Talks so far have been beset with multiple problems, with no clear path to finding a middle ground. The Europeans have complained that it’s not clear what the US wants or even who speaks for the American president, and the US has said the EU unfairly targets US companies with lawsuits and regulations.
In parallel to ongoing talks with the Trump administration, the EU will continue to prepare countermeasures should negotiations fail to yield a satisfactory outcome, the people said.
The EU has approved tariffs on €21 billion (US$23.8 billion or RM100.8 billion) of US goods in response to Trump’s metals levies that can be quickly implemented. They target politically sensitive American states and include products such as soybeans from Louisiana, home to House Speaker Mike Johnson, as well as agricultural products, poultry and motorcycles.
The bloc is also preparing an additional list of tariffs on €95 billion of American products.
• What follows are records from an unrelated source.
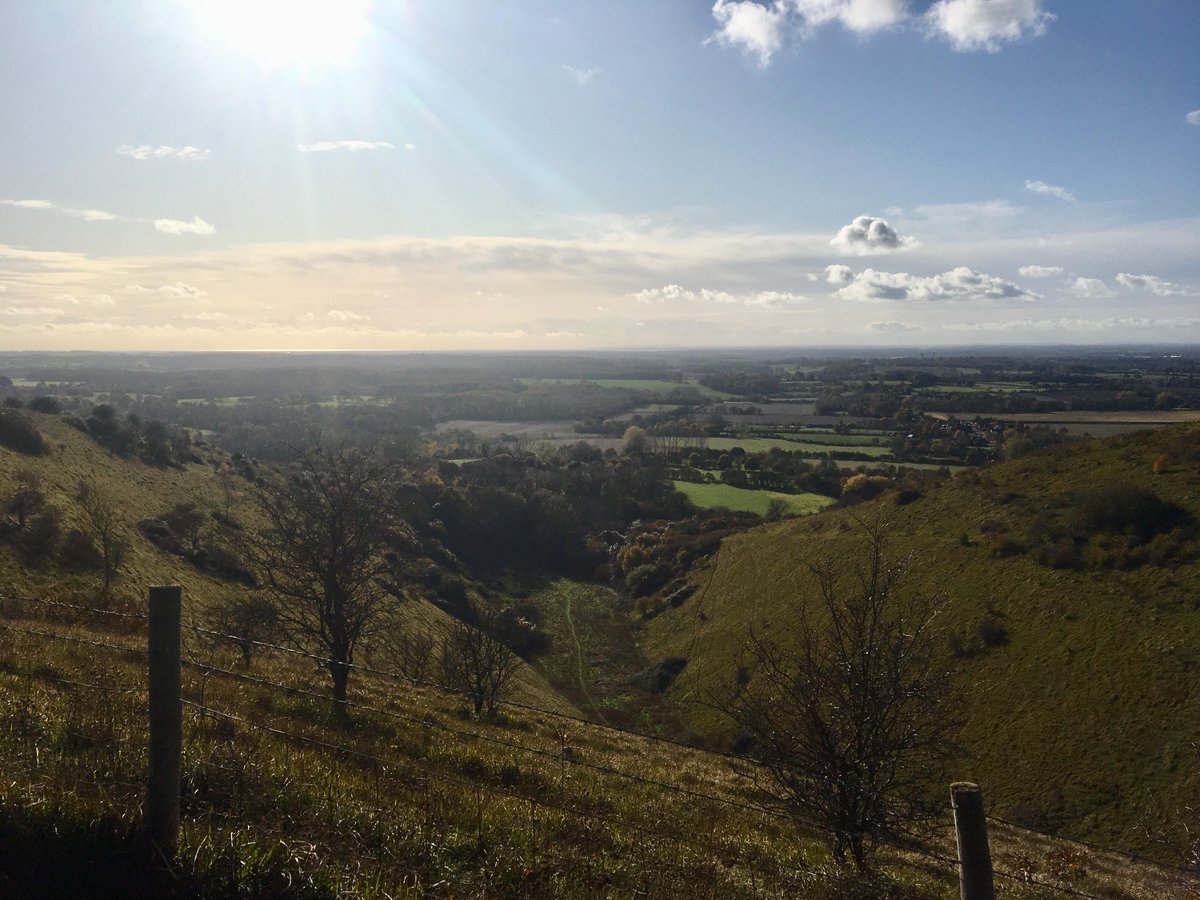 Well Projects tweet media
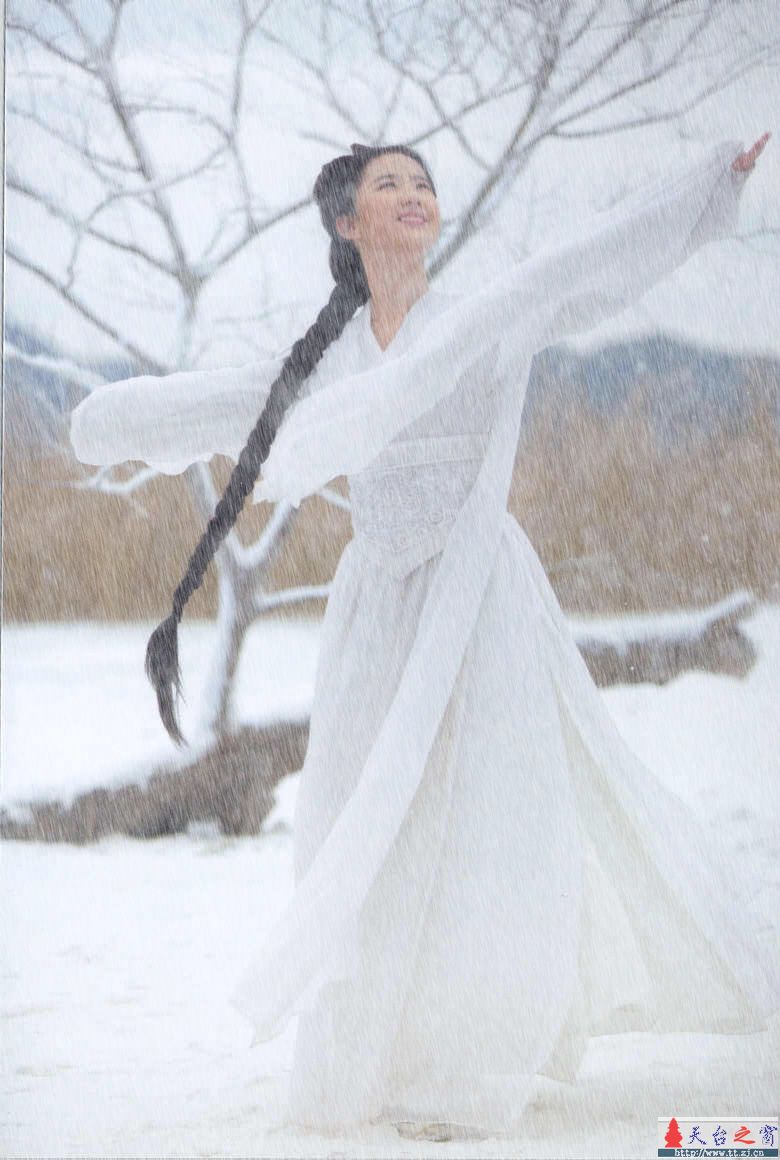 雪花图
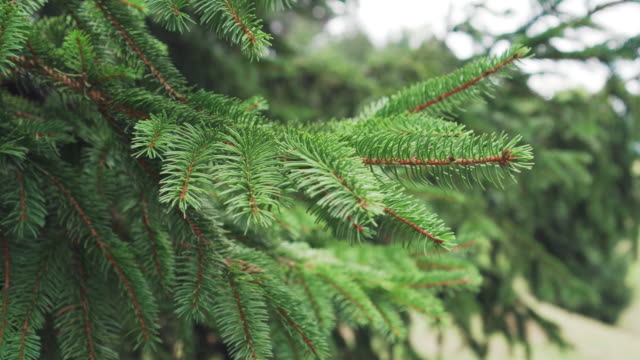 Christmas tree needles on a branch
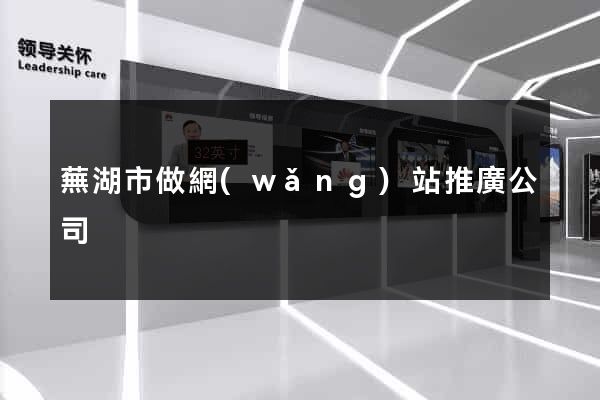 蕪湖市做網(wǎng)站推廣公司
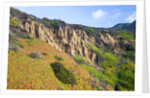 Succulent plants at Garrapata State Park on Big Sur Coast by Anonymous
Those measures, which are in response to Trump’s “reciprocal” levies and automotive duties would target industrial goods including Boeing Co aircraft, US-made cars and bourbon.
The EU has been urged by some member states to additionally prepare countermeasures to any further action the US president has threatened, including on semiconductors and the pharmaceutical sector.
Many EU officials and member states continue to believe that several of Trump’s tariffs will stay in place and the chances of a good deal remain slim, the people added.
“We want a quick solution now,” German Finance Minister Lars Klingbeil told reporters in Berlin Monday. He added that he was “cautiously optimistic” that an agreement could be found, without elaborating. Klingbeil said the EU must respond to tariff threats from the US in a united, coordinated and consistent manner.